La Brexit está analizándose sobre todo
en términos económicos en donde, como se ve en la portada del "El País",
se cargan las tintas. Probablemente porque cuando se llega a las
amenazas, las más efectivas son las dirigidas a los bolsillos. Los
contrarios vaticinan al Reino Unido la ruina, un descenso casi a país
subdesarrollado. Los partidarios presentan la visión contraria. Y, al
tratarse de proyecciones económicas, nadie sabe de cierto nada. Entre
otras cosas porque estas decisiones económicas (todas, en realidad) son
políticas.
El contencioso es, sobre todo político. Y en él se encienden
las más diversas pasiones, como demuestra a boca jarro el asesinato de
la diputada laborista. Es un contencioso político como parte de uno
cultural más amplio.
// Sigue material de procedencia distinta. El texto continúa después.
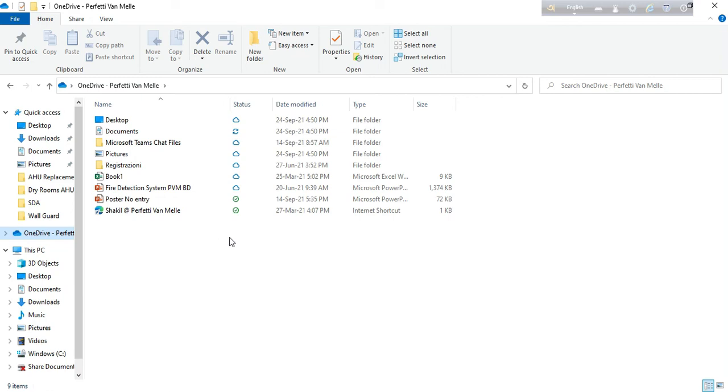Hello everyone, welcome to TechHawk. Recently I have changed my laptop and I have added my old OneDrive account to this new laptop so that I can get back all my files and documents from my previous laptop which was backed up to OneDrive.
Esto es Europa, un lugar en el que todo se
cuestiona y no solo por razones económicas, sino también políticas,
morales, culturales y hasta religiosas.
La Brexit es, en el fondo, una controversia sobre el ser de Europa.
El
Reino Unido nunca se ha sentido a gusto en el concierto europeo nacido
en Roma en 1957. Todos sabemos por qué: porque rompía la configuración
de la Europa continental como un mosaico de poderes enfrentados en
beneficio en último término de Inglaterra. Su política desde la Paz de
Westfalia en 1648, reforzada en el Tratado de Viena de 1815. Una Europa
unida es justo lo que Inglaterra no quiere.
Alentó al principio la
esperanza de acogotar el originario Mercado Común contraponiéndole la
AELC (Asociación Europea de Libre Cambio, EFTA en inglés) pero, cuando
vio que los otros miembros cambiaban de lealtad, ella misma la abandonó
y, siguiendo el viejo adagio de if you can't beat them, join them,
pidió el ingreso en la ya entonces Comunidad Económica Europa. Vivía
por entonces De Gaulle, quien siempre se opuso al ingreso británico por
considerar que la Pérfida Albión sería como un partaaviones de los
Estados Unidos. Y no le faltaba razón.
Pero
De Gaulle murió y el Reino Unido se incorporó a la Europa
institucional. Mal, con dudas, renegociaciones y todo tipo de salvedades
en todas las políticas y pilares europeos, desde la Política Social al
espacio Schengen o la moneda única. Inglaterra es Europa. Su vocación
europea es innegable. Pero su visión del continente es propia, peculiar y
no unánime con la de las potencias continentales.
Las
consecuencias de una Inglaterra fuera o dentro de la UE serán muy
intensas, sin duda. Pero es absurdo teñirlas de negro en parte o
pronunciarse contra la salida porque no hay criterios de validez
universalmente aceptada que lo permitan. Por ejemplo, se dice que una
eventual retirada del Reino Unido podría provocar un segundo referéndum
escocés de autodeterminación. Sí, es una posibilidad. Y muchas otras de
diverso tipo. Gibraltar aparece también en la danza.
Repito,
esto es Europa y en Europa es tradición que las fronteras son líneas
políticas imaginarias, con consecuencias de todo tipo, por supuesto,
pero esencialmente mudables. Los pueblos europeos están siempre en
movimiento, agregándose, desagregándose, cambiando de régimen político o
de forma de Estado. Nada se queda quieto. Europa es siempre Europa con
Inglaterra de una forma u otra. Y la Unión Europea, que es parte de
Europa, pero no toda ella, también se verá forzada a cambiar. Hay ya
quien pide un nuevo Tratado.
Inglaterra
tiene derecho a marcharse de la UE y no hay derecho a negárselo. Nadie
lo discute. Lo que hay es presunciones distintas respecto al resultado
del ejercicio de ese derecho. Pero el derecho no se discute, como sí se
discute el de Cataluña en España.
Imagínense
ahora a alguien diciendo que, pues el Reino Unido es Europa, la
decisión sobre su salida deben tomarla también los rumanos, los checos,
los franceses, etc. Pues es lo que sucede en España.